═════ Data to process

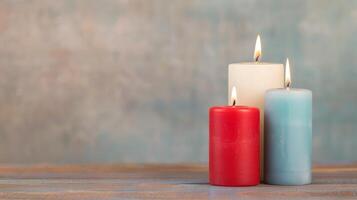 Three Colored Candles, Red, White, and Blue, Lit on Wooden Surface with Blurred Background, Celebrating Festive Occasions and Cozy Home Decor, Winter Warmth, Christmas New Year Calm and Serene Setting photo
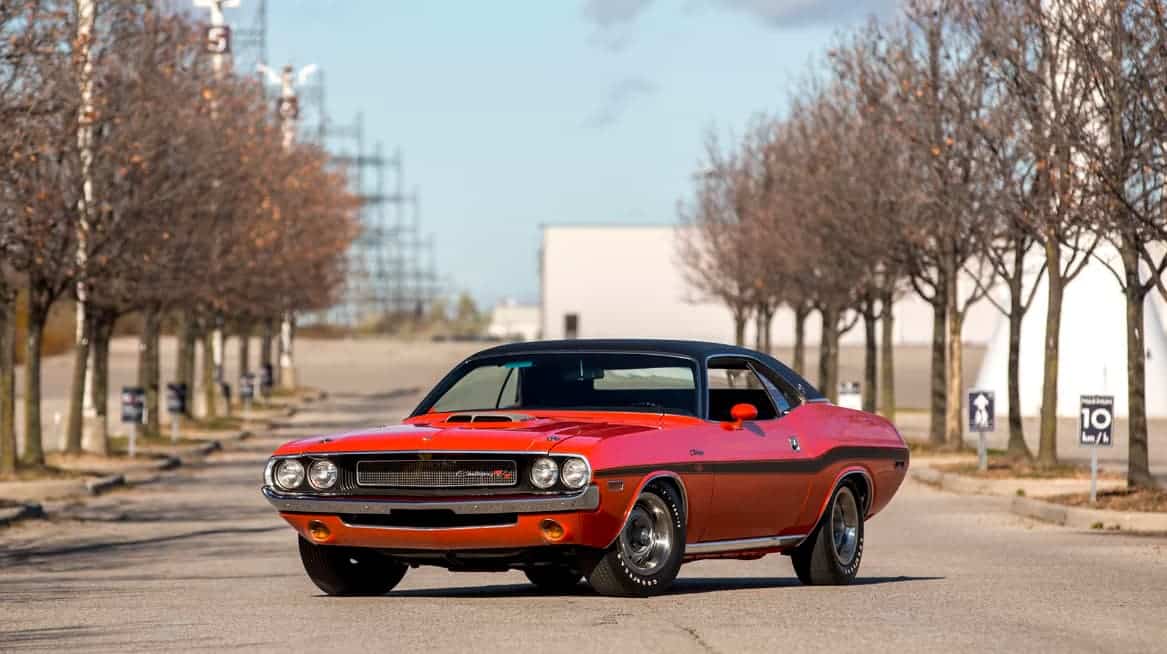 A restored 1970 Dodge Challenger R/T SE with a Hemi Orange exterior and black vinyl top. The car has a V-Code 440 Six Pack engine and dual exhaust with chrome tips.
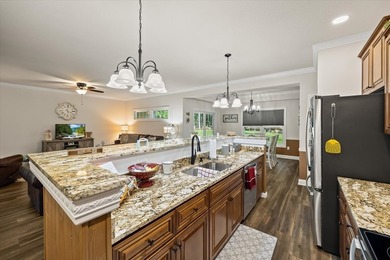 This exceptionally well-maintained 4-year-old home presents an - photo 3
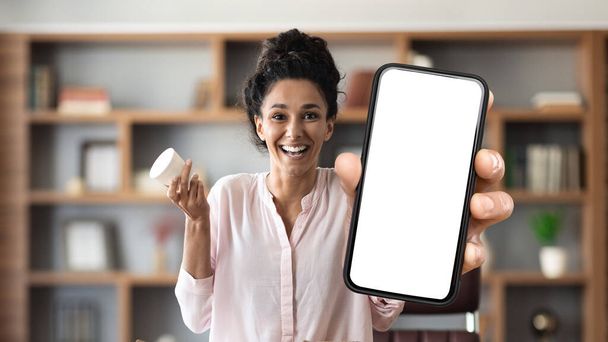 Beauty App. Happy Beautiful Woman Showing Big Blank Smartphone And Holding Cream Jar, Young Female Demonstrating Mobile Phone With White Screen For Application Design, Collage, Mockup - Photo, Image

══════════
═════ Data to process

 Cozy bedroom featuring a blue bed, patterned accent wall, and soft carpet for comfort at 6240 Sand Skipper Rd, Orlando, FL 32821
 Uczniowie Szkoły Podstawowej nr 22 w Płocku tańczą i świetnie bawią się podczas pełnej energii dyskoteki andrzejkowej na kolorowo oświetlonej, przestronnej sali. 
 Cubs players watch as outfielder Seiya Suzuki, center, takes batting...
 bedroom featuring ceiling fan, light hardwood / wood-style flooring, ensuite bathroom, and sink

══════════

== Work request ==
Could you output exactly the lines above, from the line with "This exceptionally well-maintained" up to and including the line with "Beauty App. Happy", and nothing else, skipping the pictures?

== Finished exercise ==
 This exceptionally well-maintained 4-year-old home presents an - photo 3
 Beauty App. Happy Beautiful Woman Showing Big Blank Smartphone And Holding Cream Jar, Young Female Demonstrating Mobile Phone With White Screen For Application Design, Collage, Mockup - Photo, Image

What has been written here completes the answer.